Obama, MSNBC and Mediaite: Missing The Point
Tommy Christopher of Mediaite seems to think that I’m ”fainting and fanning” because of a bunch of “suddenly-cool kids jumping the velvet rope ahead of me.”
Meaning, he takes exception to my piece this morning about such MSNBC stars as Rachel Maddow, along with other lefty commentators, refusing to discuss their super-secret meeting with President Obama.
At the risk of sounding uncool, Christopher seems to be conflating two very different issues. Erik Wemple first reported on the meeting for the Washington Post, with this key passage:
Journalists make a profession of agitating for openness, for the sharing of information, for speaking with public officials and reporting back. In this case, though, attendees aren’t doing a lot of reporting back. Most of MSNBC’s prime time lineup — Al Sharpton, Ed Schultz, Rachel Maddow, Lawrence O’Donnell — attended the Tuesday session, yet MSNBC won’t talk about it. Two individuals from the opinions section of The Washington Post — Jonathan Capehart and Greg Sargent — had seats at the table but won’t tell a dear colleague what went down. A spokeswoman for Josh Marshall of Talking Points Memo, another alleged attendee, gave this response: “Since the meeting was off the record, Josh is not available to speak about it.” Markos Moulitsas of Daily Kos fame also allegedly took part and also won’t talk: “Sorry, but I don’t discuss who I do and don’t meet with. Thanks, markos,” he e-mailed to the Erik Wemple Blog.
Now that’s compliance for you. The blackout from these “influential progressives” – as the White House so boosterishly calls them — raises an historic prospect. Could this be the first White House meeting with journalists in which more information about the proceedings came from the White House than from the journalists?
If Christopher thinks this is the traditional definition of off the record, he’s off base. Off the record doesn’t mean denying that the conversation took place, as Markos Moulitsas did.

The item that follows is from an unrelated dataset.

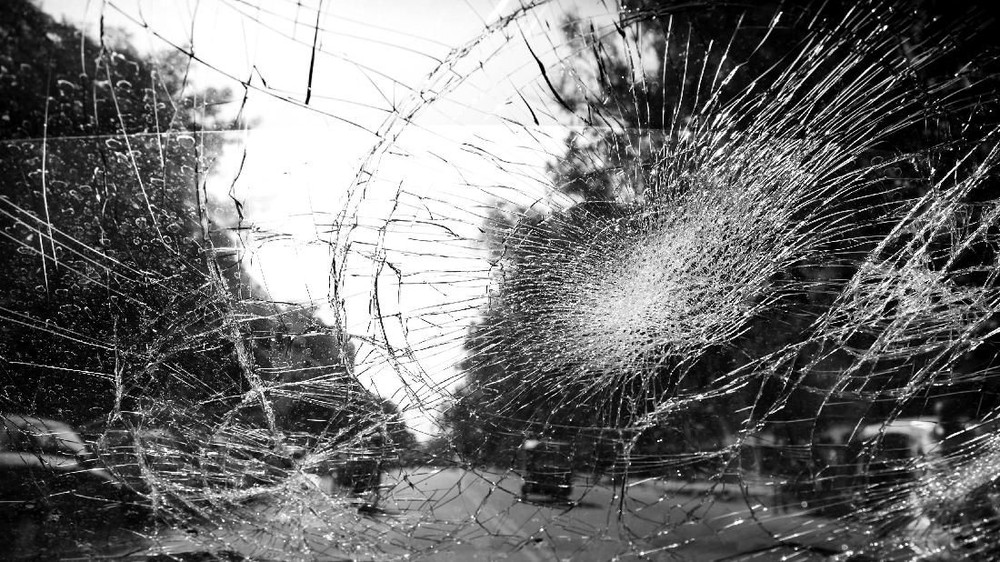 Misteri Kecelakaan Maut di Mamuju: Pemotor Tewas Ditabrak Brimob!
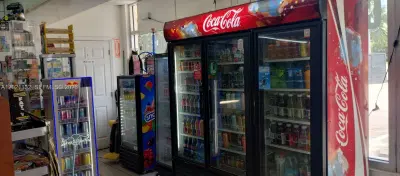 Complete Vape Shop and Convenience Store Assets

Nor does it mean totally stonewalling, as the MSNBC and Washington Post folks did.
Instead, the one appropriate example was that of Josh Marshall, who acknowledged that the meeting would happen and wouldn’t talk about it. In an era in which reporters are increasingly prone to being told “off the record, I have no comment” and other such nonsensical denials, this is a growing trend. It is certainly up to reporters to decide what ground rules that they are comfortable with and which ones they are not. But to feel the need to erase an off-the-record conversation from history, as if it were a disgraced Trotskyite, and refuse to acknowledge that it even occurred is bizarre.
After all, to repeat a line, I quoted from Wemple earlier: “Could this be the first White House meeting with journalists in which more information about the proceedings came from the White House than from the journalists?”
Maybe Christopher doesn’t have a problem with this Brave New World, but I do. And it’s not because I feel excluded, or that perhaps the White House doesn’t find me as cool as Al Sharpton (I’m not. Even though we do have a lot in common: He was friends with James Brown and I once owned a James Brown cassette). It’s because this is bad for a functioning press that attempts to hold political leaders to account.
Anyone always has the right to ask for a conversation to be off the record, and journalists should be free to accept or deny such a request. But to apply that label to the mere existence of such a meeting in a venue as public as the White House–as opposed to, say, meeting with Deep Throat in a Rosslyn parking garage–is, frankly, indefensible.